## [Data in this exercise]

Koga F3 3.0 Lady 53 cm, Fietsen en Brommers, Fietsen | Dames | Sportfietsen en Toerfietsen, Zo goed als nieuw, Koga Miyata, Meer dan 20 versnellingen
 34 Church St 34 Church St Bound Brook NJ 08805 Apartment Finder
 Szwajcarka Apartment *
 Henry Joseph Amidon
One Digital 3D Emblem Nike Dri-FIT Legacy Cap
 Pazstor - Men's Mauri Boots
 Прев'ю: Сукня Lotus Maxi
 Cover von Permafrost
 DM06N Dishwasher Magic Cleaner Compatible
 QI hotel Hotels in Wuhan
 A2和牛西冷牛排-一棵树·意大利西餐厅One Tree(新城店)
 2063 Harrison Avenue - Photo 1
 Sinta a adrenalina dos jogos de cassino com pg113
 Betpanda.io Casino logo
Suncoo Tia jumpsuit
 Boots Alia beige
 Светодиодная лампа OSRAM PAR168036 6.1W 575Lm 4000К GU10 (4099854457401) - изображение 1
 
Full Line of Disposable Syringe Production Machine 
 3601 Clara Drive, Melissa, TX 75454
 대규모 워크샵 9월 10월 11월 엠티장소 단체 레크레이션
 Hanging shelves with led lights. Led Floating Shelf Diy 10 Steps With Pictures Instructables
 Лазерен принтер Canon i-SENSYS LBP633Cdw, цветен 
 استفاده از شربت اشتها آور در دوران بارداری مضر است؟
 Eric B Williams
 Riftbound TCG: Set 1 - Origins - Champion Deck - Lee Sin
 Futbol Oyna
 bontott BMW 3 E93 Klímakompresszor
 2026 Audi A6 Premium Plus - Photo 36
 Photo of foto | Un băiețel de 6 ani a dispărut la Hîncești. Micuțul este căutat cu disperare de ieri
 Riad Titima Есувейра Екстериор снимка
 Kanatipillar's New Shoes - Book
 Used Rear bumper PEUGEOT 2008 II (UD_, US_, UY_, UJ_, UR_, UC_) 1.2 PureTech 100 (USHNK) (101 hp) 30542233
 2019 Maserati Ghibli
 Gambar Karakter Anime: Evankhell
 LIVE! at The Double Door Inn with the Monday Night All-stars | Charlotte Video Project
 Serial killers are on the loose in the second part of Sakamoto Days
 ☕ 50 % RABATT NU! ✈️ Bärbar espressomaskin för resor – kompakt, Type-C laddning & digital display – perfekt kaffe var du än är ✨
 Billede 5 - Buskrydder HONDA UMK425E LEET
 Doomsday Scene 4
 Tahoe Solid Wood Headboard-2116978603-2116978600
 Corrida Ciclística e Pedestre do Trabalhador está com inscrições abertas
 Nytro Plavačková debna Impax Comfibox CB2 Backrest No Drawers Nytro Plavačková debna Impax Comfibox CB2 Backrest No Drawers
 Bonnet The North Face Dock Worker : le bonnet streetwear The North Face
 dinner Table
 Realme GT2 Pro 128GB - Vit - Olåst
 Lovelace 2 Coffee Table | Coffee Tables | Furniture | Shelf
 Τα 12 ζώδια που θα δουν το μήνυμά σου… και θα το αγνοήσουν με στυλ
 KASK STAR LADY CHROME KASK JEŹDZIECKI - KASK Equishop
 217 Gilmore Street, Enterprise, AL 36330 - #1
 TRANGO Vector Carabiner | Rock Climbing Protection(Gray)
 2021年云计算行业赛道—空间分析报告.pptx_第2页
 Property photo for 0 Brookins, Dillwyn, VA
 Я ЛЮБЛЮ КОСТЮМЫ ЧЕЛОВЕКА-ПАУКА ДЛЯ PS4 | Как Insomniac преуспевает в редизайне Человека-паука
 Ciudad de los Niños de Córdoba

## [How to complete this task]
Copy exactly the line that contains "Я ЛЮБЛЮ КОСТЮМЫ" and every line after it through the end of the entries, with nothing added.

## [Response to the task]
 Я ЛЮБЛЮ КОСТЮМЫ ЧЕЛОВЕКА-ПАУКА ДЛЯ PS4 | Как Insomniac преуспевает в редизайне Человека-паука
 Ciudad de los Niños de Córdoba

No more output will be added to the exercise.